自責の念

当然ながら、引っ越してきた東北の土地に知り合いはおらず、近所の顔なじみ等もゼロだ。この状況になると流石に人恋しくなるもので、そもそも僕は東京の雑踏に慣れてしまっていたが故、街の静けさ

そのものに「生きづらさ」を感じ始めてしまう。


そうもなると兄弟仲が必然的に良化。数日しか経っていないとはいえ、今までの遅れを取り返すかのように、ケイと僕との心的距離は「グッ」と近づいた。一人っ子として育った僕にとって、ある意味でこれも青天の霹靂である。


一つだけ心残りがあるならば、「生きるために少しココを離れたい」と、育ての親である大槻の両親に伝えて「置いてきた」事だろうか。平穏を求める代償として、それ以上でもそれ以下でもない言い回しだけを「実家のリビング」に残して。

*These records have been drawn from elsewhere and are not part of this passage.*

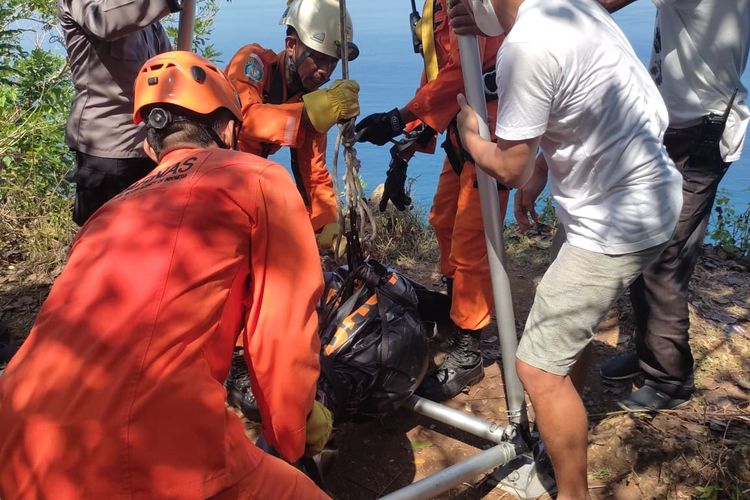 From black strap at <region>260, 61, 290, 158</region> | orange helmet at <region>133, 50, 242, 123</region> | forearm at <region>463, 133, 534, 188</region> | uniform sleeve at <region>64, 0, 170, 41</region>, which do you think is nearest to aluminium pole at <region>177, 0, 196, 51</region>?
uniform sleeve at <region>64, 0, 170, 41</region>

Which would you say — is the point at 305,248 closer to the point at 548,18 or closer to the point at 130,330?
the point at 130,330

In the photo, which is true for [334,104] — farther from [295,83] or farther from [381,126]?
[295,83]

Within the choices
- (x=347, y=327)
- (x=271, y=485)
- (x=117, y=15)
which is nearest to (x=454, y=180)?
(x=347, y=327)

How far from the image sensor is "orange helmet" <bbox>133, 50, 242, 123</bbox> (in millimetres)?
1865

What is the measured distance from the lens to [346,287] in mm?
2842

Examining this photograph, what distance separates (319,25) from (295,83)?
1.12 ft

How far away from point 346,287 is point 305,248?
1.13m

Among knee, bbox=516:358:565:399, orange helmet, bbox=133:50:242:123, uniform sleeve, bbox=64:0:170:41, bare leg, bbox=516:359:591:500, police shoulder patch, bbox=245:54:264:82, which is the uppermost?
uniform sleeve, bbox=64:0:170:41

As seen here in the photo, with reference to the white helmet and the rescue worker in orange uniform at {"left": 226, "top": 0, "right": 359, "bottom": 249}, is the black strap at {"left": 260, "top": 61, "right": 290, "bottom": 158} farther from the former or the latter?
the white helmet

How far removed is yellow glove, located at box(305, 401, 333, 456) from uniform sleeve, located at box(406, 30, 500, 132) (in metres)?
1.56

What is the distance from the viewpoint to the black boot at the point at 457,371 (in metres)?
3.30

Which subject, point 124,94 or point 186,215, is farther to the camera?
point 124,94

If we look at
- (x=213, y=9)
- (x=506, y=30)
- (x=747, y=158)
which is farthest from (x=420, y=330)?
(x=747, y=158)

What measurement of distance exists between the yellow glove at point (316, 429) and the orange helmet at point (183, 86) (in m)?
0.93
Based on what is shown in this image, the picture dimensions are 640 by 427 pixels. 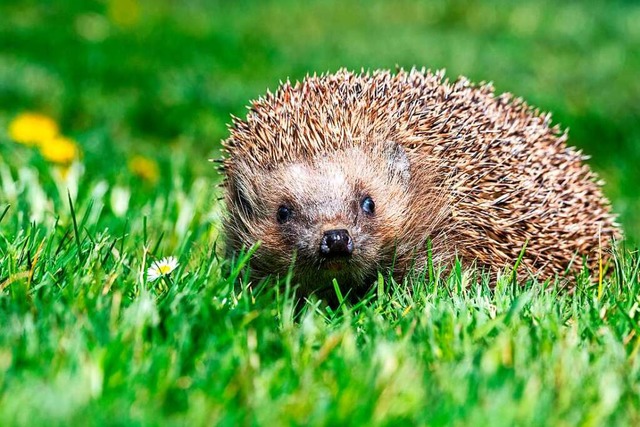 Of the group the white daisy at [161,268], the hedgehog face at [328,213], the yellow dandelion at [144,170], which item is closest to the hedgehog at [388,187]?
the hedgehog face at [328,213]

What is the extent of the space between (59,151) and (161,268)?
2.34 meters

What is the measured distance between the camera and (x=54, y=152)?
5.35 meters

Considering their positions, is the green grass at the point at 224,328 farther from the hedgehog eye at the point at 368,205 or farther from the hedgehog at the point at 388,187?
the hedgehog eye at the point at 368,205

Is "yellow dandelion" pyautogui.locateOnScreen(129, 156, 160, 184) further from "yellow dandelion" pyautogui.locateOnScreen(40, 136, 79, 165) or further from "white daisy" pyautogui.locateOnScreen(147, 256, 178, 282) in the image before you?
"white daisy" pyautogui.locateOnScreen(147, 256, 178, 282)

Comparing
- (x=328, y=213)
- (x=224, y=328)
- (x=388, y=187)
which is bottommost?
(x=224, y=328)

一段と北の寒さが身に沁みてきた1月下旬。僕は自らのメンタルに不調を感じ始めていた。当初は慣れない冷え込みによって、活性が落ちただけだと思っていたし、みるみるうちに朝起きれなくなったのも、転入した通信制の高校には登校する義務がないからだと、高をくくっていた。

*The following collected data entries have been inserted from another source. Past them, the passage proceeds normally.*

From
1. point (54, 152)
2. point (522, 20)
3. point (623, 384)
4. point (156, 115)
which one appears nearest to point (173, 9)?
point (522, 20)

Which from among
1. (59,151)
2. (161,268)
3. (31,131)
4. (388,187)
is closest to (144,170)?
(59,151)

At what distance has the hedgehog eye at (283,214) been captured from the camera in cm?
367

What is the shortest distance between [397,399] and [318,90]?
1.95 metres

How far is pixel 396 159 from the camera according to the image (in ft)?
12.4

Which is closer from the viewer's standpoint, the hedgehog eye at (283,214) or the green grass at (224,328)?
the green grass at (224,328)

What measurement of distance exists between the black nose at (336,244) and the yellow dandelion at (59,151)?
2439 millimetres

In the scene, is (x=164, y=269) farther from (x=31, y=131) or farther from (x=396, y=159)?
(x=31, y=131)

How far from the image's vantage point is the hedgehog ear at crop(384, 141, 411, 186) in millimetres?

それに伴い急増していたケイとの会話も、ジェットコースターのような下振れにより、ほぼゼロに近くなってしまった。


ケイはもう成人済みの、れっきとした大人である。新しいコミュニティに入っていくという事を、彼は少なからず経験して来ている筈だ。極論を言えば生きた年数等も含めて、少なくとも僕よりは環境の変化に対応する能力を持ち合わせていると思う。


そんなことに劣等感など感じなくて良いはずなのに、何だか自分が急に情けなくなった。育ての両親に対しても「僕が悪いんだ」「自分のせいで」と、気が付けば何でもかんでも自分を責める思考が、どんどん当たり前になっていった。


「このままでは、本格的におかしくなる…」と、収入が欲しいという理由ではなく、外との関わりを持つためだけに、とにかくアルバイトをしようと思い始めた矢先。


僕の心のキャパシティが限界を迎え、涙のダムが所構わず突然決壊した。